Indigenous Communities of the Lhaka Honhat (Our Land) Association v Argentina
Inter-American Court of Human Rights
In a landmark ruling, Lhaka Honhat Association fights – and wins – for legal ownership of lands, and ensures the protection of the environment.
photo by EJ Atlas
Casebook Info
Land long inhabited by indigenous communities faced increasing occupation by non-indigenous residents, who engaged in environmentally destructive practices such as logging, animal husbandry, and fence installation. These activities had a negative impact on forest resources and biodiversity. Furthermore, the Argentinian government failed to consult with the indigenous peoples before constructing an international bridge, impeding their access to food and water.
In 1998, the Lhaka Honhat Association (Plaintiff), representing the affected communities, petitioned the Inter-American Commission on Human Rights (IACHR), alleging a violation of their right to enjoy communal property. Despite a favorable ruling by the IACHR, no action or remediation was taken and the case was escalated to the Inter-American Court in 2019. The Court acknowledged the detrimental impact of non-indigenous activities on the Plaintiffs’ land, citing Argentina’s failure to halt these harmful actions. Consequently, the Plaintiffs’ cultural identity, right to a healthy environment (R2HE), and right to adequate food and water were deemed violated.
For centuries, Salta, Argentina, has served as the ancestral land for various indigenous communities, including the Wichí (Mataco), Iyjwaja (Chorote), Komlek (Toba), Niwackle (Chulupí), and Tapy’y (Tapiete) peoples. These lands have faced increased occupation by non-indigenous residents who engage in environmentally destructive activities. These activities, including illegal logging, livestock farming, and the installation of fences, have disrupted the indigenous people’s traditional ways of life, customs, and access to food and water. Furthermore, significant state-led development projects, like the construction of an international bridge, were undertaken without prior consultation with the local communities.

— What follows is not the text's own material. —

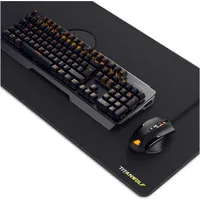 Titanwolf Gaming Set, Tastatur-, Maus- XXL Mousepad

In August 1998, the Lhaka Honhat Association (Plaintiffs) lodged a petition with the IACHR concerning several detrimental activities. They alleged that (1) the State had violated their rights to communal property by initiating public infrastructure projects and conducting hydrocarbon exploration within their traditional indigenous territory without adhering to inter-American standards requiring free, prior, and informed consultation; and (2) the Defendants had permitted and overlooked unauthorized actions by private individuals, including erecting fences, logging, and engaging in cattle farming on indigenous lands. The Plaintiffs’ petition was accepted by the IACHR in 2006. In 2012, the IACHR issued a report acknowledging violations against the Llaka Honhat communities and recommended protective measures for their land. However, essential measures like land demarcation, infrastructure development and reduction of logging activities were still incomplete after six years. Consequently, in 2019, the IACHR referred the case to the Inter-American Court.
The Court ruled in favor of the Plaintiffs, acknowledging the significant adverse effects of non-indigenous activities on the land and indigenous traditions. It concluded that Argentina had failed to prevent these harms. The Court’s analysis of R2HE drew upon domestic constitutional safeguards in Argentina, international treaties, and previous decisions and Advisory Opinions of the Inter-American Court. Reference was made to the American Convention, emphasizing that R2HE entails a dual obligation for states: to respect and ensure its protection. This responsibility encompasses preventing violations through legal, political, administrative, and cultural actions, even when caused by third parties. It was emphasized that this duty aligns with the prevention principle, part of customary international law. Additionally, the Court elucidated on the interconnectedness of R2HE with other rights, such as access to food, water, and the rights of indigenous peoples.
The Court underscored the vital role of indigenous communities in stewarding resources within their territories, particularly in preserving the environment. It acknowledged the significant contribution of indigenous peoples in conserving nature through sustainable practices deeply rooted in their traditions. Upholding the rights of indigenous communities not only respects their autonomy but also fosters environmental conservation. Hence, the Court advocated viewing the rights of these communities and international environmental standards as harmonious and mutually supportive.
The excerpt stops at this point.